So when Bolivia’s football team recently failed to qualify for the World Cup, devoted fan and socialist President Evo Morales suggested an approach he’s taken when other businesses haven’t thrived. To solve the team’s problem, he said: “What better thing than the intervention of the state?”
Putting the football industry under state control would follow in the footsteps of other nationalisations the popular president has carried out in the gas, tin and telecommunications sectors.
“We’re sorry about the performance of our team in the qualifiers,” Morales told reporters in Bolivia. “Until now [football] has been [controlled] by private, autonomous entities … but they aren’t getting results.” He said nationalisation would “dignify” the national team.
Though not always a fool-proof solution, recent history in Bolivia shows that state control of certain industries and companies has been more efficient than private control. Under Morales, the Bolivian state has often acted in the people’s best interest more than, for example, a foreign gas corporation. State-controlled industries have also generated revenue for the impoverished government, providing funds for much-needed social programmes and development work.
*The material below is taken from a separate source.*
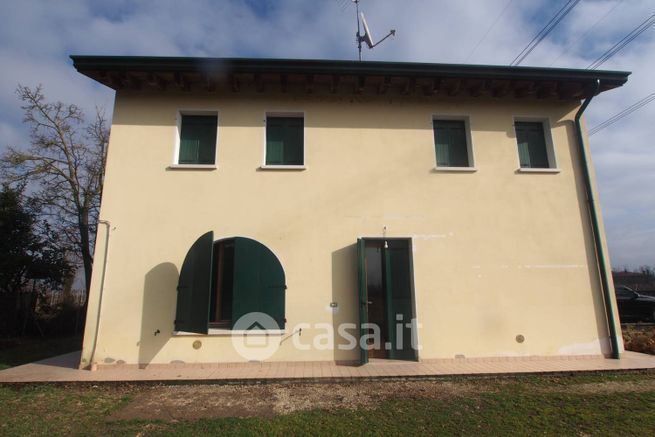Casa indipendente in residenziale in Via Tabacchi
Morales’s plan for the country’s football team says a lot about his economic vision for the country, a vision that buoys his popularity and, according to recent polls, ensures he will be elected president again by a wide margin in the December elections. It also speaks of his love for football, a sport that led him to the presidential palace.
When he was 13, Morales, a child of poor farmers, began a team called Fraternidad (Brotherhood) in his small community in the Bolivian highlands. He took on the role of captain, player, referee and fundraiser. Morales explained: “I was like the owner of the team. I had to do the sheep shearing, for the llama wool. My father helped me. He was really a sportsman, we sold the wool to buy balls, uniforms.”
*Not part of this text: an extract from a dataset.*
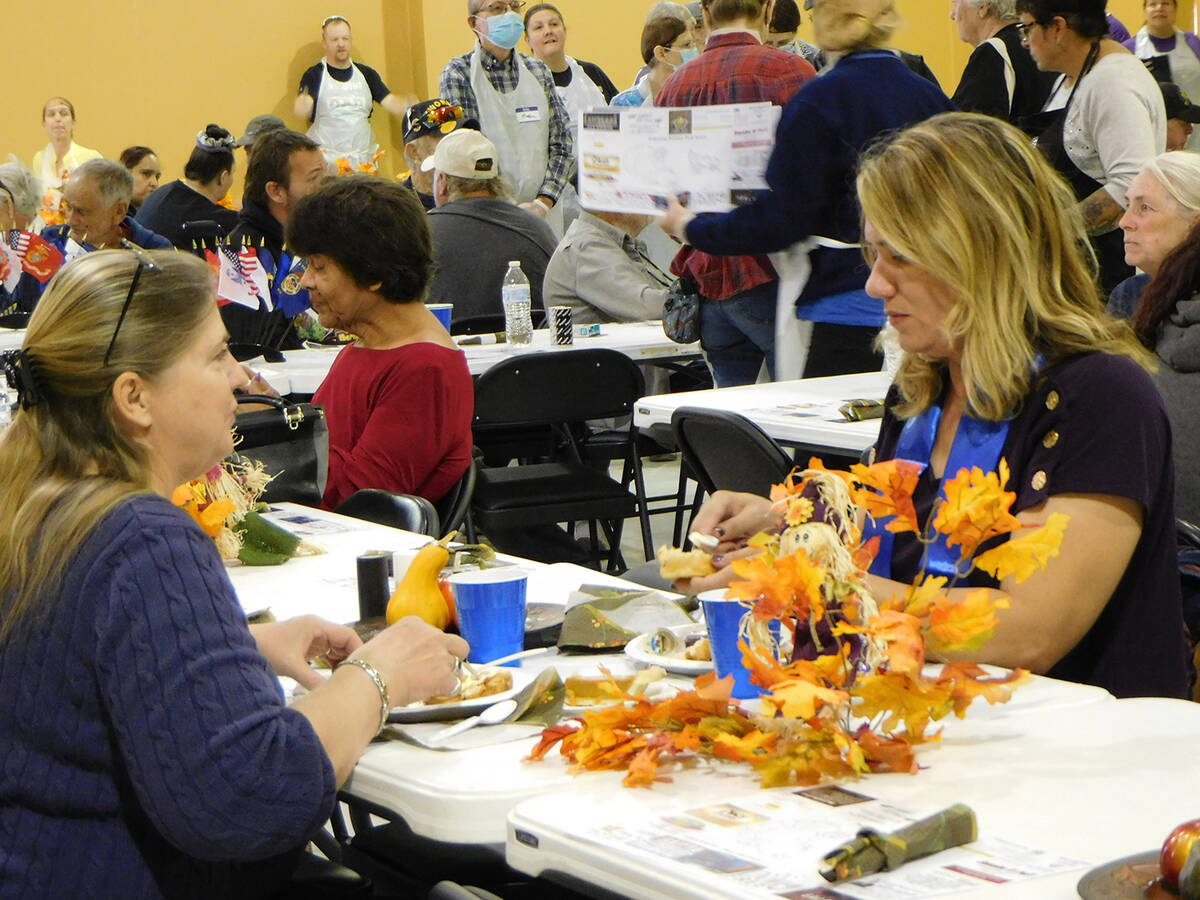 Robin Hebrock/Pahrump Valley Times Attendees of the 2022 Community Thanksgiving Dinner are pict ...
When his family was forced by drought to migrate to the Chapare region to become coca farmers, he was quickly elected as the director of sports for the local coca union. That role led to other union positions as he rose through the ranks of the political left, eventually becoming president in 2005.
He has since played in La Paz with Argentine football legend Diego Maradona, sending the ball used in the game to Fidel Castro, signing it: “With admiration for Fidel.” Later, he skipped a dinner with Chilean President Michele Bachelet to play a game in Santiago. His team beat the Chilean pros by 8 to 1.
Morales is right in seeking to put Bolivia’s football team under state control. This multi-billion dollar business has favoured corporate elites for decades, separating the sport from the Latin American working-class culture that embraces and sustains it.
“Soccer is an integrator,” Morales told Fox News last year. “It doesn’t just have to do with championships, trophies or medals. It means much more than that. Soccer makes us forget the politicians who are our specific problems. Even poverty, if only for 90 minutes, gives way to this social phenomenon.”